**Work item:** Reproduce only what runs from the line containing "High angle view" to the line containing "a window with" in the records below, inclusive. Keep it exact, and keep the pictures out.

**Working data:**
• • • • •
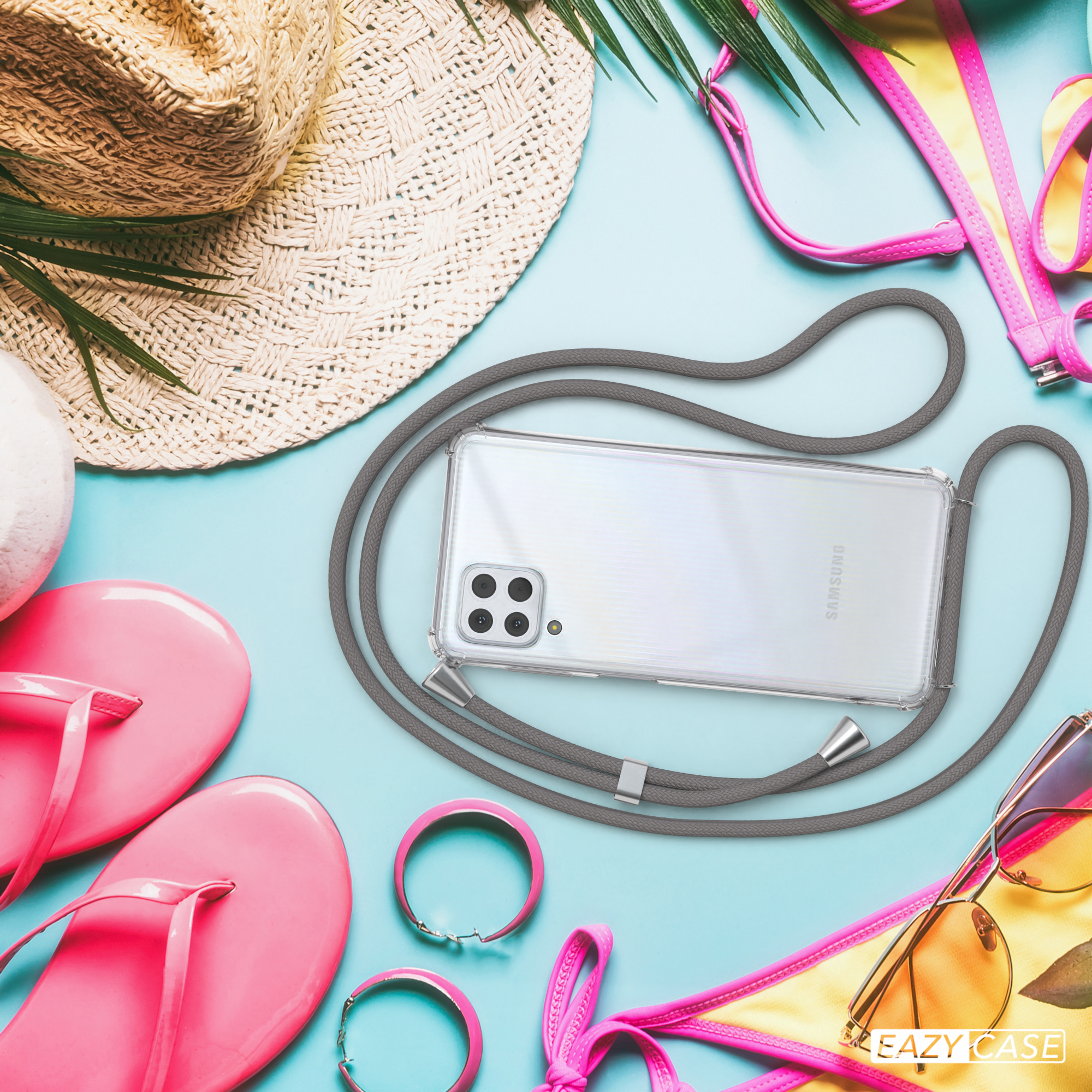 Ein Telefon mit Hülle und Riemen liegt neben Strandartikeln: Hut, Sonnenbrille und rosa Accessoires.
• • • • •
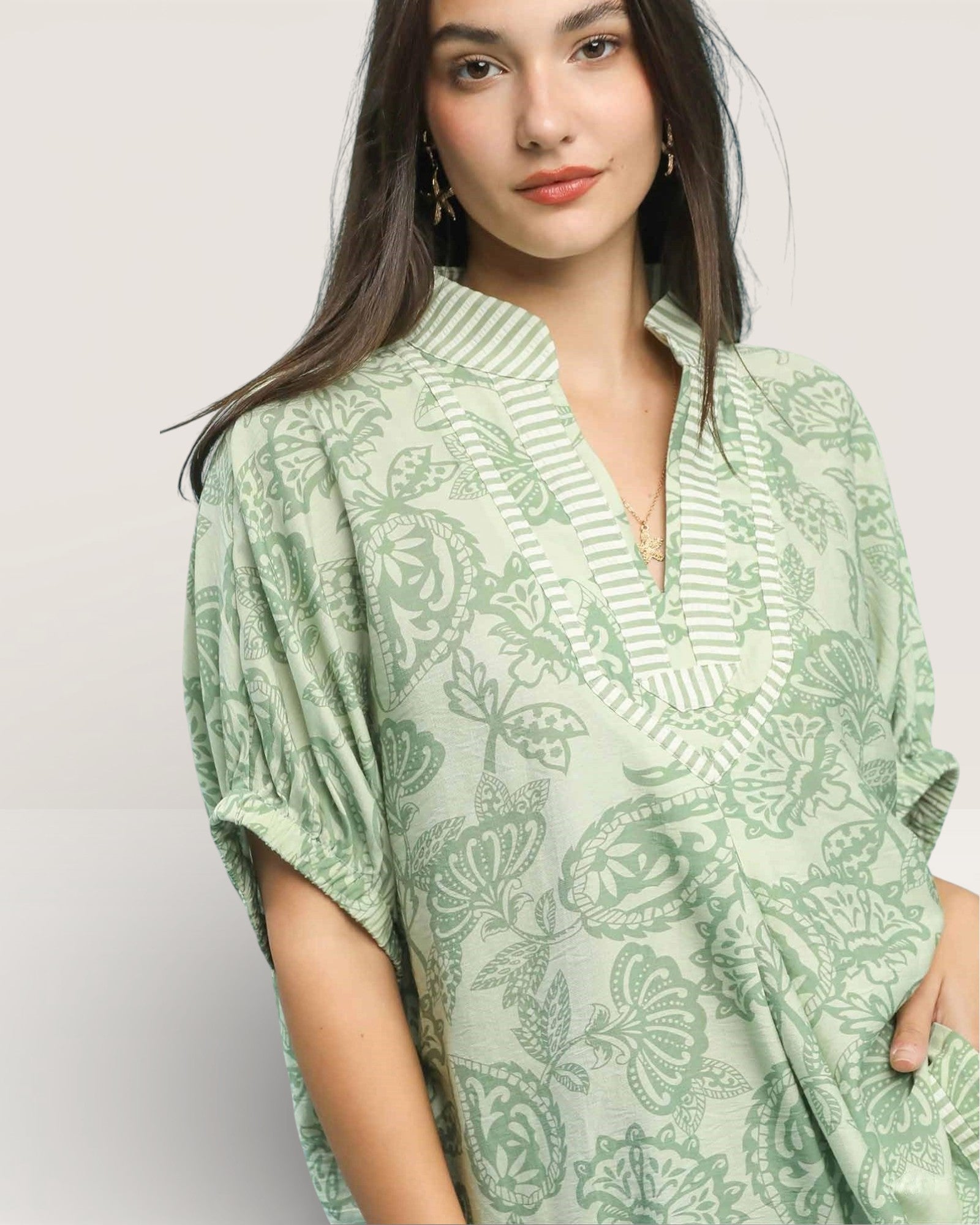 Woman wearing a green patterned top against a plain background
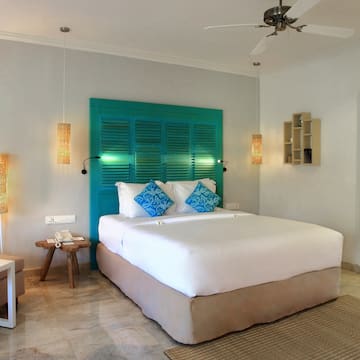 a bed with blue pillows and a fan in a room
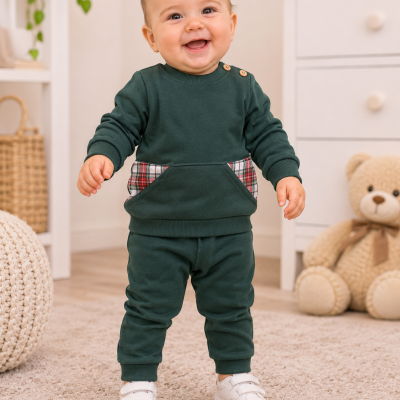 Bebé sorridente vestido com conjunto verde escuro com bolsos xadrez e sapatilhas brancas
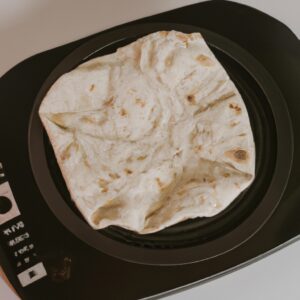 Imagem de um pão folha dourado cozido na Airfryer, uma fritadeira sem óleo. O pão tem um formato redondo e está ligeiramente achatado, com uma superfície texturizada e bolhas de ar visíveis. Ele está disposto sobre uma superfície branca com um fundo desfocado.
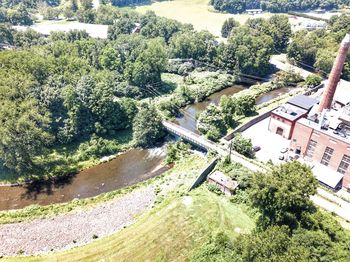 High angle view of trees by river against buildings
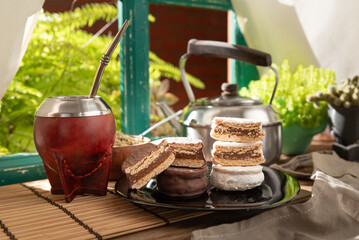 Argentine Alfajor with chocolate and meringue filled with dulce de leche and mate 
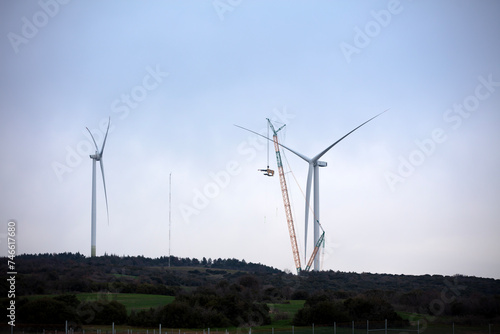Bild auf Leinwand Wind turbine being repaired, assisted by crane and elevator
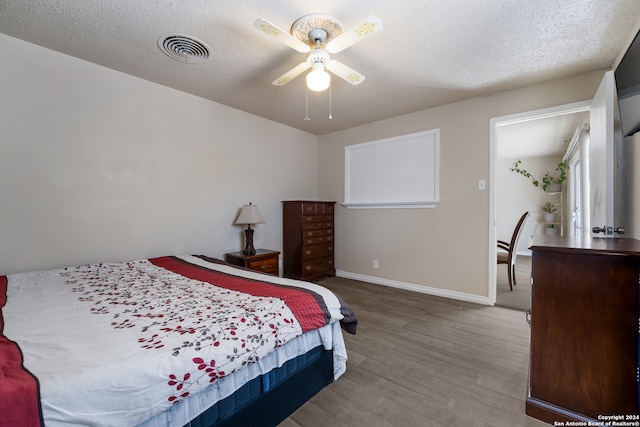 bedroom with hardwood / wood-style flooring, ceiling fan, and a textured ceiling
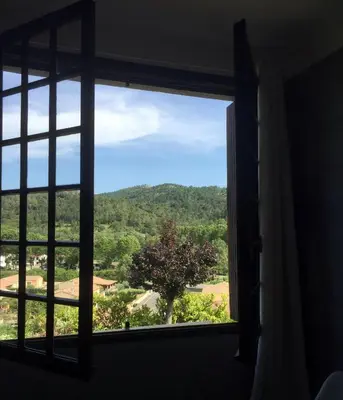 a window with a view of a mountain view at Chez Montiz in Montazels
• • • • •
**Exercise result:**
 High angle view of trees by river against buildings
 Argentine Alfajor with chocolate and meringue filled with dulce de leche and mate 
Bild auf Leinwand Wind turbine being repaired, assisted by crane and elevator
 bedroom with hardwood / wood-style flooring, ceiling fan, and a textured ceiling
 a window with a view of a mountain view at Chez Montiz in Montazels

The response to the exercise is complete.